古物商の仕事をする中で、着物の実態を知ることになります。世代を超えて受け継がれてきた貴重な着物が、たくさん存在していました。着られなくなった着物は、国内で約2億着あると言われてますが、これらは貴重な文化財でもあります。何とかその価値を高めるような仕事ができないかと模索していました。
さらに、東日本大震災で、地元・岩沼市の保育園が流されてしまい、子どもを預ける場所が無く、仕事に行けないお母さんたちがたくさんいて、そうした状況を何とかしたいとも思い、 年、アパレル事業をスタートさせました。

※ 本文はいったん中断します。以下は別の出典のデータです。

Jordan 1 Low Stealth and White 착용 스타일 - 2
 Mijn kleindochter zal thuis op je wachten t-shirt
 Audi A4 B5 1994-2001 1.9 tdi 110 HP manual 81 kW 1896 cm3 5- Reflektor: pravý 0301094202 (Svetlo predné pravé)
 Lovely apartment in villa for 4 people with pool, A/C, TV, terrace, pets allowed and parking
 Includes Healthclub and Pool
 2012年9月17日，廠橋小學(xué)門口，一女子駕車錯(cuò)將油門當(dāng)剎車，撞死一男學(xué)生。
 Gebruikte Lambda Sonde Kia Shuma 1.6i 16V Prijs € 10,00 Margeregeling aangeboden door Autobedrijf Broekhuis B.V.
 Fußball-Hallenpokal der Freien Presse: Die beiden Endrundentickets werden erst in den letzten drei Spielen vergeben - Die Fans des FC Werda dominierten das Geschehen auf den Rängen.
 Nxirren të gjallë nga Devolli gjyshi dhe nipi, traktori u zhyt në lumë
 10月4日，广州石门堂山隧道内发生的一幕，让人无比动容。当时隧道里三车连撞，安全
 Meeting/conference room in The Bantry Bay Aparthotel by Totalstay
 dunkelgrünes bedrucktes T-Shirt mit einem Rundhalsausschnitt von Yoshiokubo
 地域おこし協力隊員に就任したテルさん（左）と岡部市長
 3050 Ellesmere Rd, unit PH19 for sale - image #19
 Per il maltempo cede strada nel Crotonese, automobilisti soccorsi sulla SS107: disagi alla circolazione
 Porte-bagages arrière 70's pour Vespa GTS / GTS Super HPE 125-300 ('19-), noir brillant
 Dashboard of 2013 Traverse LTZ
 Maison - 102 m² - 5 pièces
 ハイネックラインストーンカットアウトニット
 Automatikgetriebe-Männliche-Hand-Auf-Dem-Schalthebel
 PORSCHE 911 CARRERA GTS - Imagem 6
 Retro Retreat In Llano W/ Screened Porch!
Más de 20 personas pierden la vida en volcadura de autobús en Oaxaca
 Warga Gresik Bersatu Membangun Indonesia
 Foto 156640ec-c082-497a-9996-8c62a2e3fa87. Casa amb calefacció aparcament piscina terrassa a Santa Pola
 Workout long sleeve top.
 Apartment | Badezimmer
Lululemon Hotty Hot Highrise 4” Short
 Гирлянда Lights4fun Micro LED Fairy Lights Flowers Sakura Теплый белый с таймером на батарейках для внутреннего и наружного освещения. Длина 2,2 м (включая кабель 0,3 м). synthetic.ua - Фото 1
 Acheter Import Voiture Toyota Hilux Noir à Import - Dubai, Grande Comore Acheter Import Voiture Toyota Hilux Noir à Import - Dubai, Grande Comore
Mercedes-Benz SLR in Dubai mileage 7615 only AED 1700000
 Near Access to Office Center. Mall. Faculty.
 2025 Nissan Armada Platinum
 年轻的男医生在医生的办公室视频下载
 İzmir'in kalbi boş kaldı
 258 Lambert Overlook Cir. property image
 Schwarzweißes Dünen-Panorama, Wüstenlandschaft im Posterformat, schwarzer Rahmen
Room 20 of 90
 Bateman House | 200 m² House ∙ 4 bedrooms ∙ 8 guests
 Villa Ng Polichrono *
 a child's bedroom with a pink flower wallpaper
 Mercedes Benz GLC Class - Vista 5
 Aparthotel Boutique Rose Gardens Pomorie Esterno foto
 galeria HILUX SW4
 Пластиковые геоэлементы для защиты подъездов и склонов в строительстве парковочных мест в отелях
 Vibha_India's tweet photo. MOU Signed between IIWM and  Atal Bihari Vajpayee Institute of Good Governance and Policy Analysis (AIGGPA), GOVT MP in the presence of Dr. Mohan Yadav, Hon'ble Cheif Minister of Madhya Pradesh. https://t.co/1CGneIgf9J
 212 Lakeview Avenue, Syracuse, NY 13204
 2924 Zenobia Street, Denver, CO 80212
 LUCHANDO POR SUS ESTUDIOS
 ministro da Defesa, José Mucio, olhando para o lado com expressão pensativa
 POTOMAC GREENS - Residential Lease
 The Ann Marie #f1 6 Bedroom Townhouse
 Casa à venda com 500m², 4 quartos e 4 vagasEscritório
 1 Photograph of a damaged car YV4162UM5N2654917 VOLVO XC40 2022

現在、宮城県のお母さん達の手で1着ずつ洗い、裁断し、福島県・岩手県の縫製職人の皆様の手でアロハシャツに仕立て直しています。サムライアロハは一着の着物から一着しか作れないので同じシャツはありません。
――創業から今まで、SamuraiALOHAを展開する上で、苦労した点は何ですか?
櫻井さん 周囲の説得ですね。サムライアロハに限らず古物商もそうですが、東日本大震災という極限状態に近い状況で、人脈も資金もない人間が「質屋を起業する!」と言ったり、ましてや「着物からアロハシャツを作る!」と言ったら周囲は気でも狂ったのかと思うでしょう。前例がないこと進めることだったので、狂気にも似た自信を持って周囲を説得し進めていく気持ちを持ち続けることが、大変でした。
現在は古物商とサムライアロハ事業を合わせると、約9億円近い年商になっております。東日本大震災後の文字通り瓦礫の中から、資本金300万円での出発でしたが、優秀な社員や様々な方々の協力によりここまで何とかやってきました。